I Just Couldn't Resist

1/23/2008

 
Oh, come on. Dig deep down, inside. I’m sure somewhere down there you can find the strength to NOT send me that e-mail! I know I’m not the only one who has ever written about the plight that is “junk e-mail” (aka: SPAM), but I’m going to write this anyway.
Picture
Forwarded to EVERYONE’S inbox (usually multiply times) for no better reason than, “I have nothing better to do than read this drivel, and forward it on to you.” After all, it’s so easy to hit that FORWARD button.

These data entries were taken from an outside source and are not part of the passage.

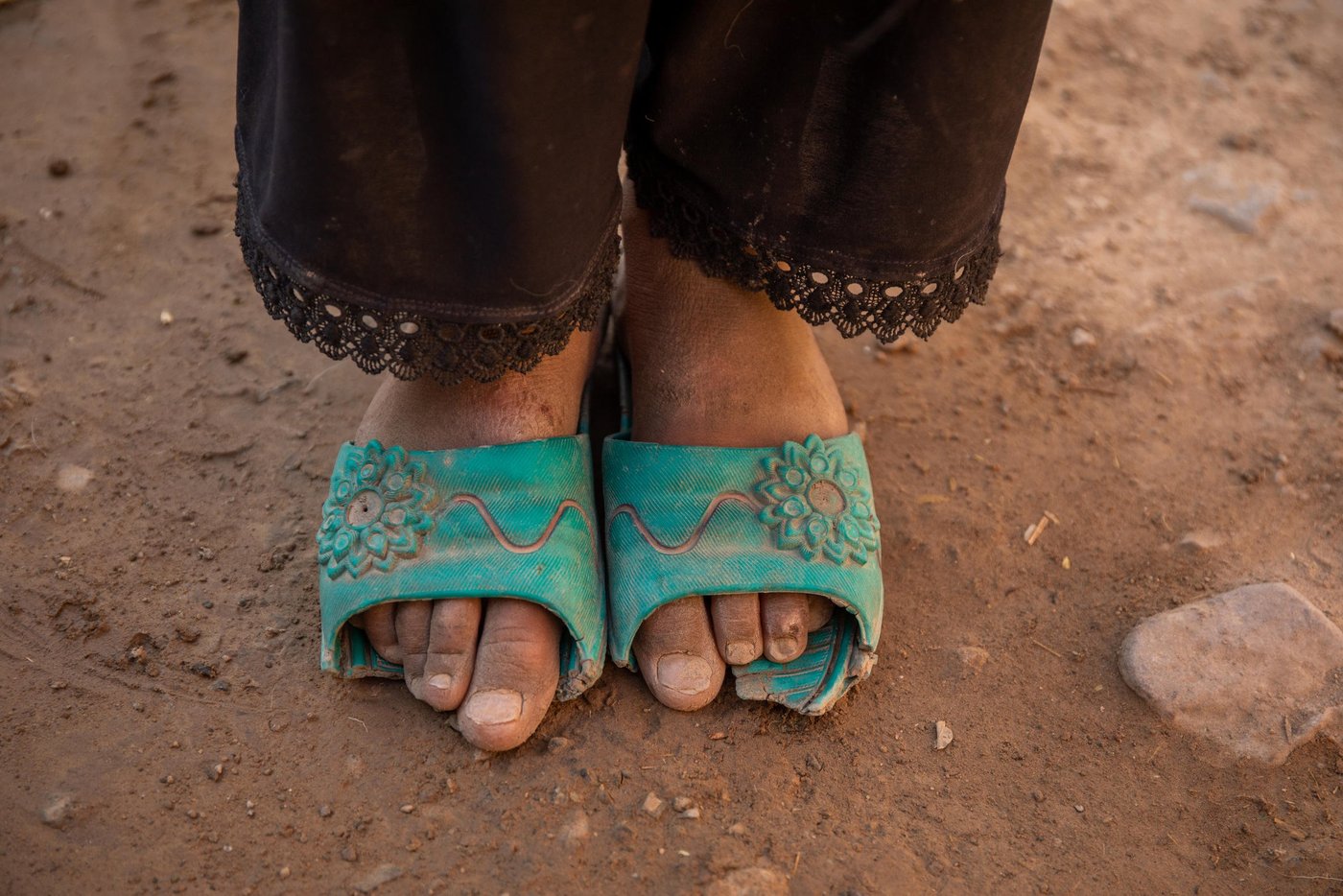 This is becoming the third winter that the drought displaced households live in a displaced camp with limited job and livelihood opportunities. However, as the Covid-19 pandemic and gathering restrictions were imposed during the summer, the local economies were impacted and the most vulnerable households fell into deeper poverty. During the pandemic, vulnerable, female-headed households were exposed many risks due to their economic situation. The pandemic came at a time when the country was dealing with a deadly conflict and an election dispute that split the government, and a dire economy that put half of the population below the poverty line.
Fatima, 13, and her family were displaced from Badghis province two and half years ago. They live in Shaidayee displaced site. Fatima’s father was killed in Badghis and the family do not have anyone to support them. The live in a makeshift home and last winter the roof of their home collapsed on them due to heavy rainfalls.
Fatima’s family and thousands more rely on humanitarian assistance and they have not received any support in the past six months. In March, NRC, with support from ECHO, distributed hygiene and sanitation packages for the families, including Fatima’s family to protect them against the Covid-19 pandemic.
“During the distribution we had nothing at our home. When we received the package that was included soaps, shampoos, toothpaste and washing soaps, I kept some for the family and sold the rest and bought a small bottle of cooking oil and wheat flour,” said Fatima’s mother. “The winter is approaching and we do not have food to eat. I always worry about my children and I may lose them due to hunger and cold this winter.”
Fatima’s brother worked on the poppy field and southern parts of the country like, Hilmand, Uruzgan and Kandahar to support the family. But he has been addicted to opium himself and does not visit the family or support them financially.
Photo: Enayatullah Azad / NRC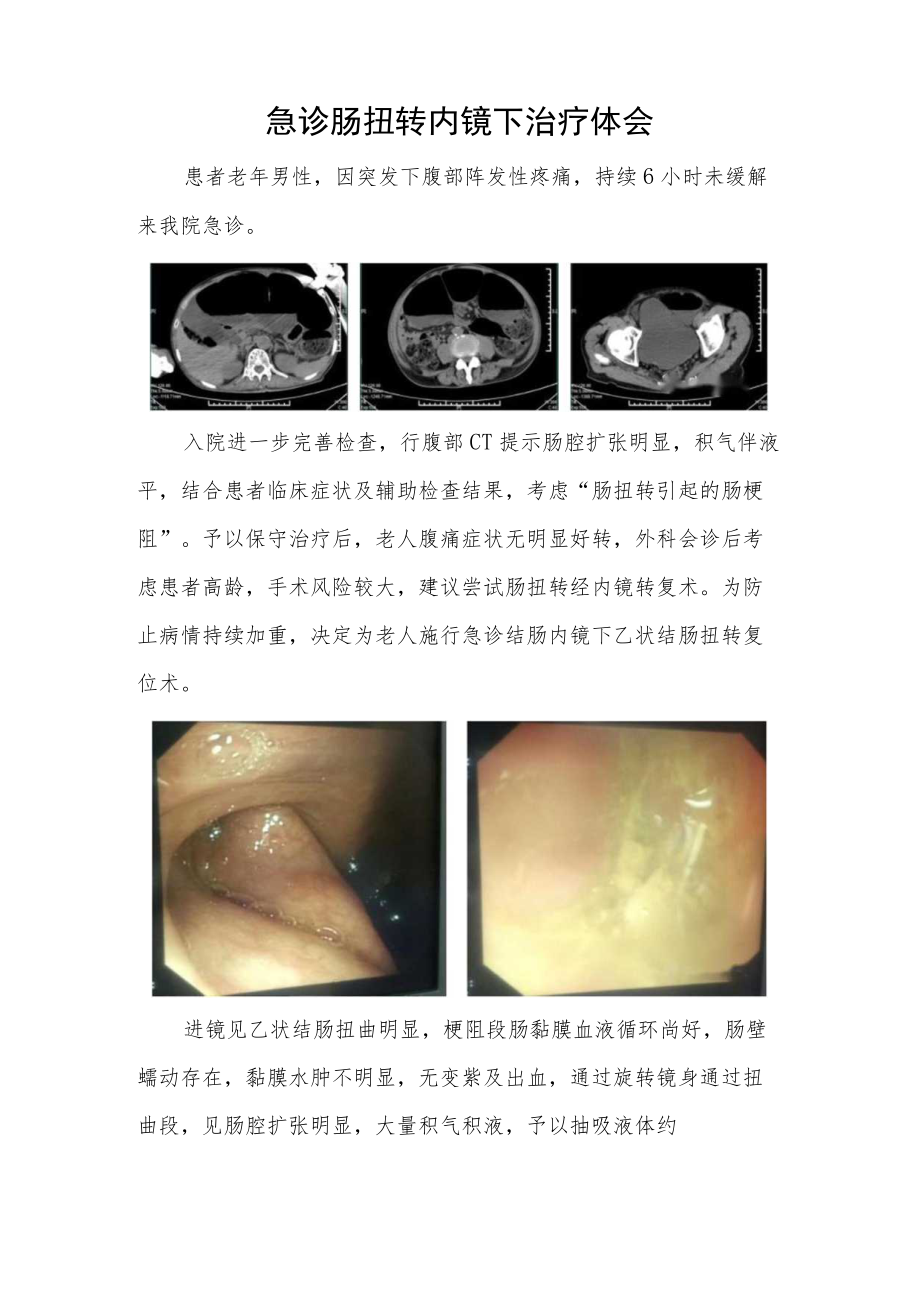 消化内科晋升副主任（主任）医师病例分析专题报告（急诊肠扭转内镜下治疗体会）.docx_第2页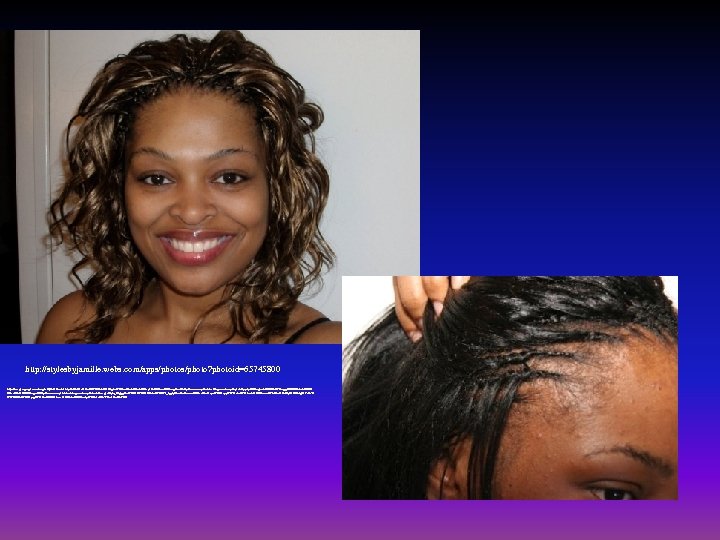 http: //stylesbyjamille. webs. com/apps/photo? photoid=65745800 http: //images. google. com/imgres? q=tree+braids+styles&hl=en&biw=1024&bih=619&gbv=2&tbm=isch&tbnid=Dkap 13 ZK 90 cnn.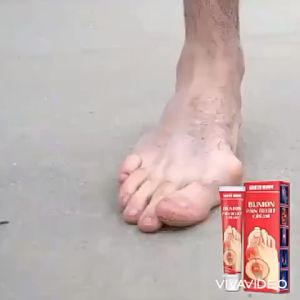 SOUTHMOON BUNION PAIN RELIEF CREAM Krim rawatan tulang bunion betulkan tulang bengkok legakan sakit tulan sendi badan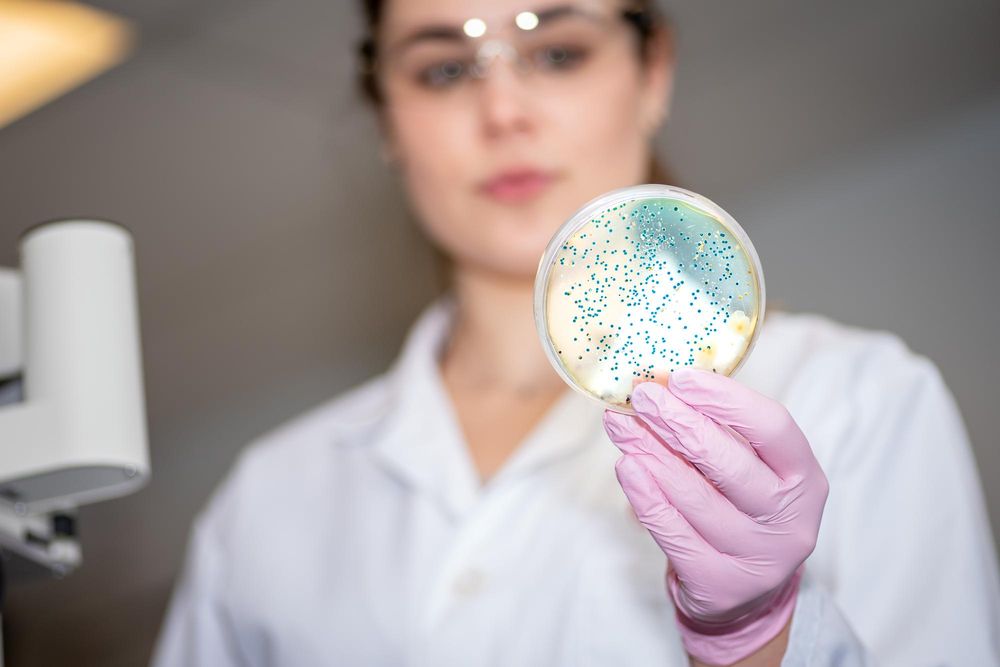 CITOPLASMA NEUTROFILOS AC. (ANCA)
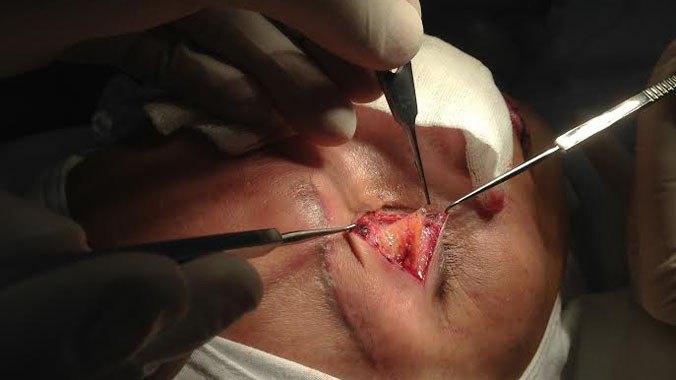 Kinh hoàng silicon chui lên hốc mắt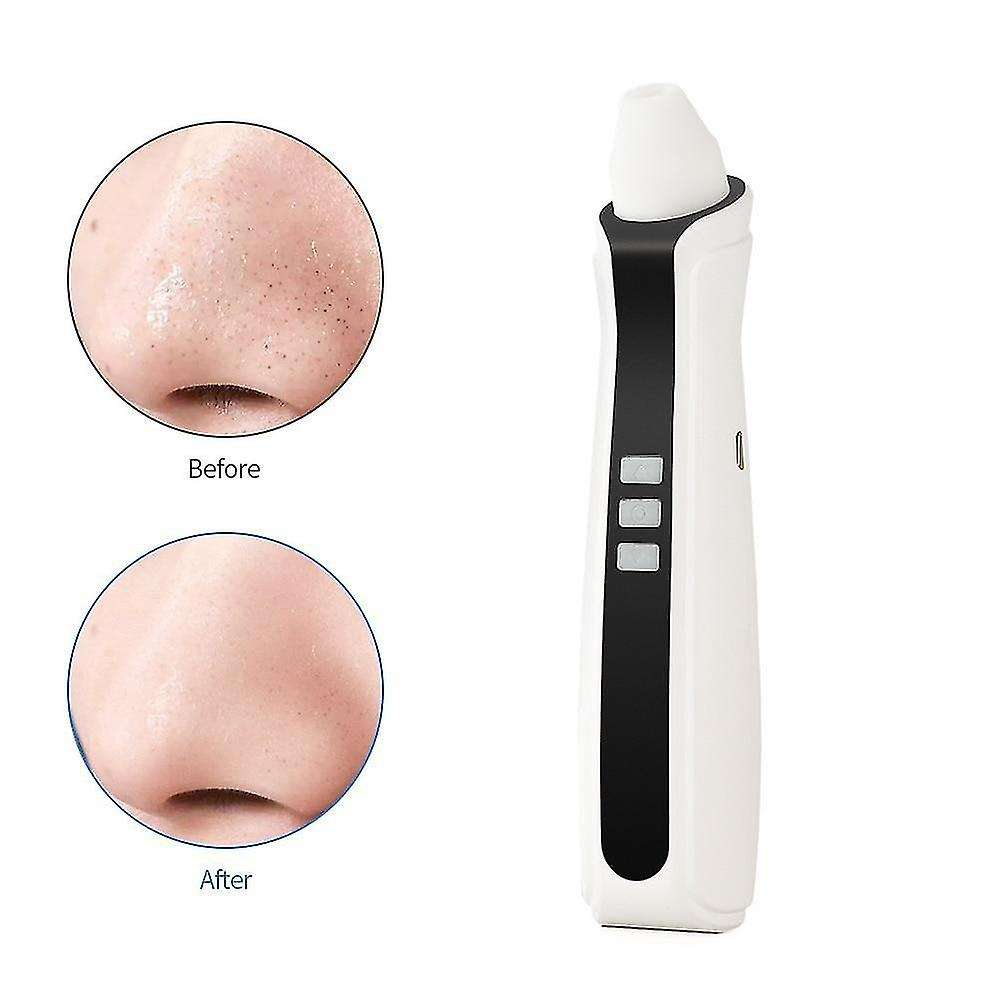 Limpiador Facial Removedor De Puntos Negros Huoguo Recargable Usb - Venta Internacional.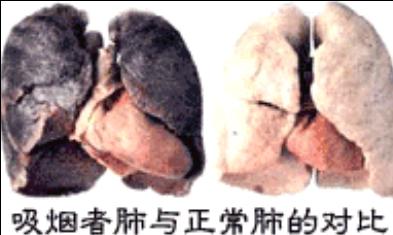 两肺对比.jpg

I’m going to estimate that 95 billion hours (yes, that’s billion with a “B”) are wasted reading junk e-mail. No, this isn’t a rant, rather an introspection. I just wonder what makes people do the things they do?

But it’s so cute!

Sure we all fall prey in a weak moment, and get emotional over a story about someone’s kitten getting caught up in a tornado and carried over three states before being gently returned to earth then found by some sweet 94-year-old woman who vows to return the kitten to its rightful owner if it’s the last thing she ever does (and could very well be), finally making good on that vow some 48 days later. I’m getting teary-eyed right now, thinking about it. Then we just have to share that sweet story with someone else! Right?


Please don’t do that.

My wife, who rarely forwards junk e-mail, did so on one occasion…one of those sappy stories, that caught her off guard. And in a momentary lapse of better judgment, she forwarded it. One lady replied back, saying she did not except that kind of e-mail, and would appreciate it if we wouldn’t send her any more.


Well, I’m sure we’ve all wanted to do that at one time or another. Okay, no harm done. We understand. No more junk e-mail for you (that is if we choose to ever send another one). End of story, right? Well, not quite. Now that lady ONLY sends us junk email. Seriously? Hey, I’ve got no problem when someone doesn’t want to receive this junk, but don’t assume we love getting it from you just because we sent you one. Capeesh?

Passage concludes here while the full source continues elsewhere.